======== Extracted records ========

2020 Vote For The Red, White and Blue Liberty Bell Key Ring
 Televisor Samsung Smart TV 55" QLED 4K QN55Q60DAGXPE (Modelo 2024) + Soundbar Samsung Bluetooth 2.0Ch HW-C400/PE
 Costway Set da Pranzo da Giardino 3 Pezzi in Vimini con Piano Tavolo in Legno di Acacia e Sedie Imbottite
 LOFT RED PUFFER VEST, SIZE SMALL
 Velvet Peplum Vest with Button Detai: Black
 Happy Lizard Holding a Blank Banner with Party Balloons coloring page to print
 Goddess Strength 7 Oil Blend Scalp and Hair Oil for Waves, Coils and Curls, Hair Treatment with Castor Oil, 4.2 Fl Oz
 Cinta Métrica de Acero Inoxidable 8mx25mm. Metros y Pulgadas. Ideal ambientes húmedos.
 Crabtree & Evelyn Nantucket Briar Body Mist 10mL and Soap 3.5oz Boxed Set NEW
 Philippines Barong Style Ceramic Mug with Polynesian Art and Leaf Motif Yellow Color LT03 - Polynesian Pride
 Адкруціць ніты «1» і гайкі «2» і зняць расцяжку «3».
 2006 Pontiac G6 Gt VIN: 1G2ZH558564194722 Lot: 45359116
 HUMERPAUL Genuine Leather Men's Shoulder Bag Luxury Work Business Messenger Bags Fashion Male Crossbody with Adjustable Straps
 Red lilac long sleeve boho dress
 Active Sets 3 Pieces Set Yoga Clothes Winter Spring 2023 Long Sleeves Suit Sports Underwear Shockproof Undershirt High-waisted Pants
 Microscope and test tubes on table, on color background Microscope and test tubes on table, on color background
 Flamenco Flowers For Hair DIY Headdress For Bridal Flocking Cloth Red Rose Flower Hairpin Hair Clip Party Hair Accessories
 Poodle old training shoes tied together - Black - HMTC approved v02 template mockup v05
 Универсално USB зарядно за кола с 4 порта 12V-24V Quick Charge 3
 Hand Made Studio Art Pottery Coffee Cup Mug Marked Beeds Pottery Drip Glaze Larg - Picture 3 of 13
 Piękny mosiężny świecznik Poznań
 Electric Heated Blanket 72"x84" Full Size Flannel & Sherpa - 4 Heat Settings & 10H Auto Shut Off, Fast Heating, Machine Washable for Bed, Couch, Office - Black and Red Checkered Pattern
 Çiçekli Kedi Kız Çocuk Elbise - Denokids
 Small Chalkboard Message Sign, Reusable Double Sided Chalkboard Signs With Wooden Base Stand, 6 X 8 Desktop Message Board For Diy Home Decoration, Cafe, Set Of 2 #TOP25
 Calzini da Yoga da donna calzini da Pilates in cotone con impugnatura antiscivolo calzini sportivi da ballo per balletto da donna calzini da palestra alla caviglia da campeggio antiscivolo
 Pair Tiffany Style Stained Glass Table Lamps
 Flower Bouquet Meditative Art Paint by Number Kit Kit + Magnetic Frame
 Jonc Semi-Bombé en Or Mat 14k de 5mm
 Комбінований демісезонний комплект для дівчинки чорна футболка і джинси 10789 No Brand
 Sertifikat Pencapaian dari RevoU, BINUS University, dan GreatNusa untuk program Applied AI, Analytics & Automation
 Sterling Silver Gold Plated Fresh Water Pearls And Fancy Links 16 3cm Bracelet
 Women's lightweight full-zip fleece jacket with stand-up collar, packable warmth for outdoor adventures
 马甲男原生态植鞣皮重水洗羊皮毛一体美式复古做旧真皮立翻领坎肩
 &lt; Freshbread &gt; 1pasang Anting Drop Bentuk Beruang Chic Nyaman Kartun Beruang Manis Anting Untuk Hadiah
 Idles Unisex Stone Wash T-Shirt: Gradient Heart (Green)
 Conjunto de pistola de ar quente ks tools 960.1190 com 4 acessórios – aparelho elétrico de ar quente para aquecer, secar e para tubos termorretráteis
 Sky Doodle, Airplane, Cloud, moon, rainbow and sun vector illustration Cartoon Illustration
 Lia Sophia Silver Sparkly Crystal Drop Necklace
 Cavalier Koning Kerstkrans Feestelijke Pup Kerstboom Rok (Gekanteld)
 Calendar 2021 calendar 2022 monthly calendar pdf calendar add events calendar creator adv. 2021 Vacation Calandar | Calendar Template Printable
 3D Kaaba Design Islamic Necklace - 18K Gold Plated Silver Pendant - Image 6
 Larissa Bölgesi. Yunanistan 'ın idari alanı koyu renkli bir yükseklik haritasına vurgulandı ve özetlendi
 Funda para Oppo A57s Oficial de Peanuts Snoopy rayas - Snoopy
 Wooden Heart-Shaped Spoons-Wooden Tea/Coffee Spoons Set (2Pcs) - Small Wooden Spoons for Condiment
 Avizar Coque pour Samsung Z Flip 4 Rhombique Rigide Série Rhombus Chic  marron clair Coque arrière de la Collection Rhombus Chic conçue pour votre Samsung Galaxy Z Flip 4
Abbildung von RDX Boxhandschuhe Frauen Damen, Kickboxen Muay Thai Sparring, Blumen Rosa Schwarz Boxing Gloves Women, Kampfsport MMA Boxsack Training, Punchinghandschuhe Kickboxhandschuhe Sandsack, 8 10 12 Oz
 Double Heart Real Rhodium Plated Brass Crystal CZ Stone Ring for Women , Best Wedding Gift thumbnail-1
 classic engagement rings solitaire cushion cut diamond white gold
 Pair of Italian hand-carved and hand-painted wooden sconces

========

# [Aim of the task]
Please return the lines above that run from the line containing "Velvet Peplum Vest with Button Detai: Black" to the line containing "color background Microscope", inclusive, exactly and with no other lines.

# [Reply to the exercise]
 Velvet Peplum Vest with Button Detai: Black
 Happy Lizard Holding a Blank Banner with Party Balloons coloring page to print
 Goddess Strength 7 Oil Blend Scalp and Hair Oil for Waves, Coils and Curls, Hair Treatment with Castor Oil, 4.2 Fl Oz
 Cinta Métrica de Acero Inoxidable 8mx25mm. Metros y Pulgadas. Ideal ambientes húmedos.
 Crabtree & Evelyn Nantucket Briar Body Mist 10mL and Soap 3.5oz Boxed Set NEW
 Philippines Barong Style Ceramic Mug with Polynesian Art and Leaf Motif Yellow Color LT03 - Polynesian Pride
 Адкруціць ніты «1» і гайкі «2» і зняць расцяжку «3».
 2006 Pontiac G6 Gt VIN: 1G2ZH558564194722 Lot: 45359116
 HUMERPAUL Genuine Leather Men's Shoulder Bag Luxury Work Business Messenger Bags Fashion Male Crossbody with Adjustable Straps
 Red lilac long sleeve boho dress
 Active Sets 3 Pieces Set Yoga Clothes Winter Spring 2023 Long Sleeves Suit Sports Underwear Shockproof Undershirt High-waisted Pants
 Microscope and test tubes on table, on color background Microscope and test tubes on table, on color background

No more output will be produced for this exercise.